Thursday, September 8, 2011

Balancing Act!

I had the pleasure of attending British Columbia Human Resources Association (BCHRMA) Surrey Roundtable this morning. Before you yell “boring”, let me say this: This session was anything but boring. Lisa Martin, a leadership coach, author (Briefcase Moms – go ahead and use the Amazon.com search box on the right) and facilitator presented on Escape the Balancing Act: Harmonize Your Career & Life for Maximum Return on Effort.
This session started with a quick Career-Life Harmony Assessment, which was an enlightening exercise in identifying where I need “to make some changes to reach my optimal career-life harmony”. But most importantly, here’s what I learned from this session and wanted to share it with you (please note that these are my own interpretations from the roundtable discussions and do not reflect that of the presenter or other participants):
  • A universal work-life balance doesn’t really exist; in other words, we can force people to do something that they are not ready for or want to do. Rather, work-life balance is an individual approach. However, we, as a community, need to promote and encourage such harmony. We have to remember, a larger square block won’t fit into a smaller circle hole easily. It can be forced in but we will most likely break a few corners in the process.
  • “Possibilities are endless” if one believes in the power of self and the community. In other words, “we are what we think” just as “we are what we eat”. Having a strong positive belief process that is supported by a strong foundation is the key to success.
  • Personal Boundaries: I found this topic of interest as it’s an area where I need to further develop myself. I have a tendency of not sharing my personal boundaries as quickly as I should, which can lead to misunderstandings. We need to remember that boundaries are “invisible” to others. When communicating personal boundaries, Lisa says, it is important to be in an “emotionally even” state (physically, mentally and emotionally) and that one must be clear in “telling how he or she wishes / wants to be managed”.
  • Guilt: This was also another relevant topic as I can be overwhelmed by guilt if I’m not careful. Lisa says that “wider the expectation equals bigger the guilt”. By “lowering expectations” of oneself, guilt may have a lesser impact on the person’s psyche.
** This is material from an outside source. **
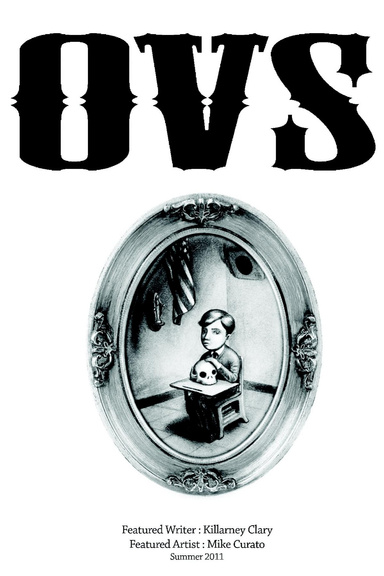 OVS Magazine Summer 2011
Please let me personalize this: I would feel guilty if I don’t make it to work at a pre-determined / self-mandated time, if I don’t answer an email on time, if I miss my daughter’s soccer practice, if I don’t tuck my son in at night, if I don’t get to watch the soccer highlights at 10:00 PM every night, if I don’t keep a promise, if I don’t make it to the gym, if I don’t talk to my parents or siblings, and on it goes. As you can imagine, this can be very hard on my wife, who in turn has to listen to my “guilt trips”.  Well, since this morning, I have come to realize that there are only so many hours in a day and that every minute of the day is precious and that it must be used wisely.
So, you must be thinking why I’m telling you this. Well, it’s part of my personal pledge: Going forward, I will do my best to think positively and feed my brain just as I feed my body; I will share and communicate personal boundaries so there won’t be any misunderstandings; and most importantly, I will try to let go of the daily guilty feelings by setting realistic goals, both personal and professional.
That my friends and dear readers, I hope will make me a better person.
Thanks for reading,
Armin
PS. I highly encourage you to find some time to attend one of Lisa Martin’s presentations, buy and read her book or visit her website. She has an amazing way of helping you reach a new level of personal understanding. For that, I thank her!